Coal mining company said the decision could cause it to close.

A federal judge has vacated a decision that would have allowed a coal mining company to move ahead with an expansion plan near Roundup because officials in the Trump administration granted a permit there without any consideration of what it may do the scarce water in the area.

Officials from the Signal Peak Mine said the decision may eventually force the mine to close, while U.S. District Judge Donald W. Molloy ordered the United States Office of Surface Mining Reclamation and Enforcement to conduct an environmental assessment of the proposed expansion, which federal officials said could take between 18 and 24 months.

The ruling, issued Monday by Molloy, resolves a challenge that went to the U.S. Ninth Circuit Court of Appeals, where a three-judge panel sent it back to Molloy, ordering that there was inadequate information that would have allowed officials to determine if the expansion of the mine on federal lands would damage the water or environment. In his ruling, Molloy chastised the Trump administration for ignoring the question and not evaluating the impacts.

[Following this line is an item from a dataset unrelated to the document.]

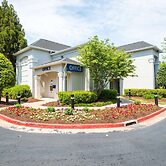 Studio 6 Extended Stay - Duluth, GA - Atlanta - Gwinnett Place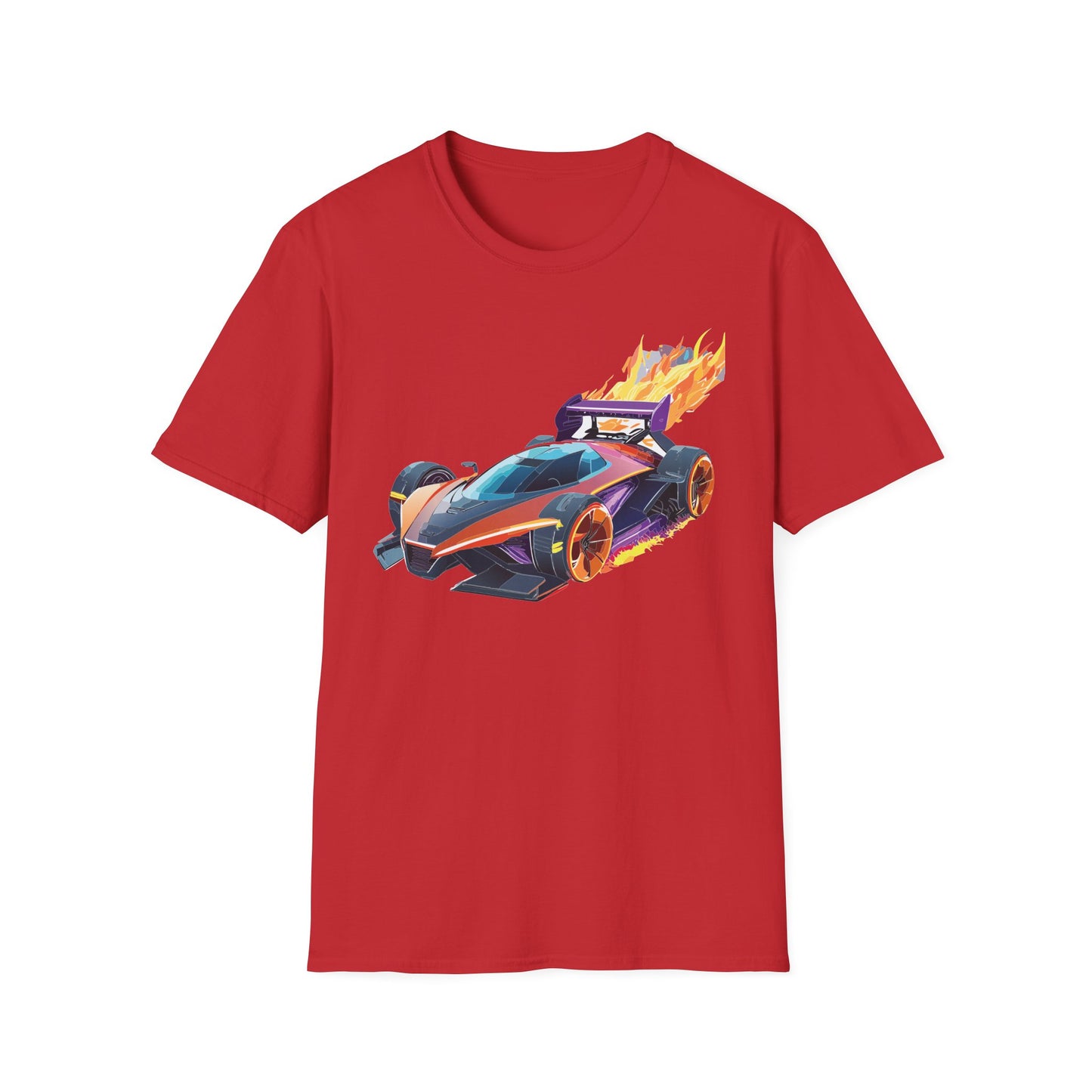 Car T Shirt, Car Shirt, Shirt with Cars, Hot Wheels Shirt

“The Enforcement Office’s errors cast substantial doubt on the agency’s decision to approve the mine expansion in the first instance,” Molloy wrote. “That doubt is then augmented, not assuaged, by the agency’s unilateral decision to prepare an environmental impact statement at this late stage of proceedings.”

In order to try to correct the problem that the trial court and the appeals court homed in on, the office began an environmental review process  a less rigorous evaluation, the court said – in order to compensate. Molloy cast doubts on whether the agency could be trusted without going through a more thorough process.